Aban Offshore Ltd.
- Formerly: Aban Loyd Chiles Offshore Ltd. (1986–2006)
- Company type: Public company
- Traded as: BSE: 523204 NSE: ABAN
- Industry: Oilfield services
- Founded: 1986; 40 years ago
- Founder: M.A. Abraham
- Headquarters: Chennai, Tamil Nadu, India
- Key people: Reji Abraham (Managing Director)
- Services: Drilling
- Revenue: ₹1,326.62 crore (US$140 million) (2021)
- Operating income: ₹−886.52 crore (US$−92 million) (2021)
- Net income: ₹−1,972.53 crore (US$−210 million) (2021)
- Total assets: ₹4,619.29 crore (US$480 million) (2021)
- Total equity: ₹−16,822.76 crore (US$−1.8 billion) (2021)
- Number of employees: 27
- Website: abanoffshore.com

= Aban Offshore =

India's offshore drilling services provider

Aban Offshore (formerly Aban Loyd Chiles Offshore Ltd.) is an Indian multinational offshore drilling services provider headquartered in Chennai. Its services are mainly used by oil companies, especially for ONGC. The company listed on the Bombay Stock Exchange.

The group has also ventured into construction, offshore and onshore drilling, wind energy and power generation, Information Technology enabled services, hotels and resorts, tea plantations and in marketing.

== Financials ==
In 2021, the company reported consolidated net loss of Rs 1972.53 crore.
==Controversies==
===Central Bank of India Insolvency Case===
Central Bank of India filed an application under Section 7 of the Insolvency and Bankruptcy Code, 2016, against Aban Offshore Ltd, for defaulting on loans. The bank aimed to initiate insolvency proceedings for recovery of outstanding dues.

In August 2022, Aban Offshore entered into a one time settlement agreement with Central Bank of India. Under the agreement, Aban Offshore paid the outstanding principal of ₹121.78 crore to the bank.

After the payment and settlement, the Central Bank of India withdrew its insolvency case against Aban Offshore Ltd at the National Company Law Tribunal.
===Aban Loyd Chiles Customs Case===
In 2015, the Directorate of Revenue Intelligence seized the vessel on grounds of alleged unauthorized deployment beyond the contractual zone. The company challenged the imposition of penalties and customs duty, arguing that the use and deployment of Aban-ICE complied with amended essentiality certificates from governmental authorities such as the Directorate General of Hydrocarbons.

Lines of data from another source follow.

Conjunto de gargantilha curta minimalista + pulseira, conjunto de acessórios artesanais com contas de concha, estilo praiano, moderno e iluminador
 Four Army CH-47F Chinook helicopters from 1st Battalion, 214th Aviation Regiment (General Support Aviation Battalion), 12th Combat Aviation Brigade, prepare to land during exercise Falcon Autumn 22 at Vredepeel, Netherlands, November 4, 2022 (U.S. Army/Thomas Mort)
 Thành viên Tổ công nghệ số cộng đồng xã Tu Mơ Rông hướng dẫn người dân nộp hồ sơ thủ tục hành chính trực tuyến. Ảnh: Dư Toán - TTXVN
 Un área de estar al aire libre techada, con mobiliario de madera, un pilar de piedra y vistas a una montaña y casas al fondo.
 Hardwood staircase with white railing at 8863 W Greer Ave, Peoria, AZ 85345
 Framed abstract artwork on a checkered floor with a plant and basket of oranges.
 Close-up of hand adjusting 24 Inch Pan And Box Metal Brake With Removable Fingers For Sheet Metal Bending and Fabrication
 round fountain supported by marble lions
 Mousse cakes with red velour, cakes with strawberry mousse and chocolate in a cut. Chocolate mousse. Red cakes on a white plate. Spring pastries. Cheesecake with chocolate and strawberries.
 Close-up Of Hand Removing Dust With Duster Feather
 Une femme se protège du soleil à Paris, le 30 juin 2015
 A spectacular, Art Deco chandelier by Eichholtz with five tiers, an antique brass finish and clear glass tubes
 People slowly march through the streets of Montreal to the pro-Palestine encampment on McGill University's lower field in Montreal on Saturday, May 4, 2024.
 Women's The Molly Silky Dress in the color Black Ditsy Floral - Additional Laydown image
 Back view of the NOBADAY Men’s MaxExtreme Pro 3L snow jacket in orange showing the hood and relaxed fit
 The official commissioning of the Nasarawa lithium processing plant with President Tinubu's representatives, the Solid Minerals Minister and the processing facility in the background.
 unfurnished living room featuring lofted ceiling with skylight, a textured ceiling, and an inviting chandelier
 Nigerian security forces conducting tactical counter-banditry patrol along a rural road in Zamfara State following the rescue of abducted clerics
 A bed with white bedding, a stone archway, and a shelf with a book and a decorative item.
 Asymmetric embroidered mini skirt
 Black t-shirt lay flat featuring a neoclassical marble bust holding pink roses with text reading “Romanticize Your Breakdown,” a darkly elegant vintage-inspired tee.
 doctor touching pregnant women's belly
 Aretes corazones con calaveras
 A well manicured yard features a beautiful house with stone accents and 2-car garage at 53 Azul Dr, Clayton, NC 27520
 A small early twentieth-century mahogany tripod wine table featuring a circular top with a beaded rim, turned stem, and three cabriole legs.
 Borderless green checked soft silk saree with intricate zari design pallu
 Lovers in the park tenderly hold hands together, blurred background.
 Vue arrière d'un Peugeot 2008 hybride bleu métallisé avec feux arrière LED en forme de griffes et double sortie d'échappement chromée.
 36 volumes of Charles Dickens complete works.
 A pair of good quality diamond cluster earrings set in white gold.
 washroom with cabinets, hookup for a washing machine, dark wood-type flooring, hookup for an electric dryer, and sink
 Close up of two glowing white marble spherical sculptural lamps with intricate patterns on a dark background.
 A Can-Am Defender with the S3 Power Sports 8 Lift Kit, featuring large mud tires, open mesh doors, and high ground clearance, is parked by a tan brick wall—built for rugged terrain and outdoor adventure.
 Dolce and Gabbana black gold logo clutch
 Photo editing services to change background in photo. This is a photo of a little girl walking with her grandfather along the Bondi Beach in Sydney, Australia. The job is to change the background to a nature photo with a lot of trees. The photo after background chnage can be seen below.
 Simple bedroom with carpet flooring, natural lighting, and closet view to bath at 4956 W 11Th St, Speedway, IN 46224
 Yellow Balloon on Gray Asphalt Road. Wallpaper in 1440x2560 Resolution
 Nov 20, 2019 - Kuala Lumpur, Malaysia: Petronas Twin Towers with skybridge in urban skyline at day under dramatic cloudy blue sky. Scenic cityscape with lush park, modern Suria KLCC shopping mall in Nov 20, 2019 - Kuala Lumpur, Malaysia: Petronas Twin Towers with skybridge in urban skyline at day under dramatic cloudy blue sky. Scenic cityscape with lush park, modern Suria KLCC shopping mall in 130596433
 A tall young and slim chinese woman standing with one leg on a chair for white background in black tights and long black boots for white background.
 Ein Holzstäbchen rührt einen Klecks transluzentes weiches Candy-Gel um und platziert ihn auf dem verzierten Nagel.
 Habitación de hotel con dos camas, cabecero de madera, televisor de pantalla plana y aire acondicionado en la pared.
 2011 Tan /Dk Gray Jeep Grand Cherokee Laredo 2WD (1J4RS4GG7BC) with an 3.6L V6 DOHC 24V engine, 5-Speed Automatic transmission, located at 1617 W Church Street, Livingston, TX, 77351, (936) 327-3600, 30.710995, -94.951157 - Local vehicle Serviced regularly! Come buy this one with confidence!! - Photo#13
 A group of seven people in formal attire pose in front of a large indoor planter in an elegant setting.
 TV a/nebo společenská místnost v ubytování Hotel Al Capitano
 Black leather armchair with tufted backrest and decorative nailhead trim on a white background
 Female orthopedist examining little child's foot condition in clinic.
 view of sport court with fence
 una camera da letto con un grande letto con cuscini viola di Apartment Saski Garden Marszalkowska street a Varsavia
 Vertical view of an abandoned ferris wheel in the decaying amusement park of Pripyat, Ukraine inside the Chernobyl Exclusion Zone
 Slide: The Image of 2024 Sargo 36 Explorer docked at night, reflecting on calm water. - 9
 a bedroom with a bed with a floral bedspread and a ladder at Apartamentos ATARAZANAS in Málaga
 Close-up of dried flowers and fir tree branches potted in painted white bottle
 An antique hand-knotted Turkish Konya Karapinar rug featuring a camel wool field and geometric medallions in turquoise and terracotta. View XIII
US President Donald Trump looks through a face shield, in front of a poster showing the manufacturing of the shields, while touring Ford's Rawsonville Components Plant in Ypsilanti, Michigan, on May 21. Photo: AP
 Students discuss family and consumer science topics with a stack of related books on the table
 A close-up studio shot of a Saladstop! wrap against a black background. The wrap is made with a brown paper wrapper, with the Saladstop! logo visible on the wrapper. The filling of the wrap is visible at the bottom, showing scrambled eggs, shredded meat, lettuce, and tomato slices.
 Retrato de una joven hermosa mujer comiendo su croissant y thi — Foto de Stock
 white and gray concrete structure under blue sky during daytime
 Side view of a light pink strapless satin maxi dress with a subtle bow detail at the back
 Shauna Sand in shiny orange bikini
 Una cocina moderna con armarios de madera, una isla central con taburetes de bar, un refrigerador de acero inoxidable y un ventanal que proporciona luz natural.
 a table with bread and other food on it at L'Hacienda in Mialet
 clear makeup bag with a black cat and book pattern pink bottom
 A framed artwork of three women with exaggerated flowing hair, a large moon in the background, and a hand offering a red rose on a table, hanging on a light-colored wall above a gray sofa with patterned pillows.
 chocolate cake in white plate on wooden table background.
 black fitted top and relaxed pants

===Sanctions and OFAC Settlement===
Aban Offshore's Singapore subsidiary was penalized by the U.S. Office of Foreign Assets Control for violating Iranian sanctions regulations in 2017. The violation involved re-exporting U.S.-origin goods to Iran without proper authorization. Aban agreed to a settlement and paid a civil monetary penalty.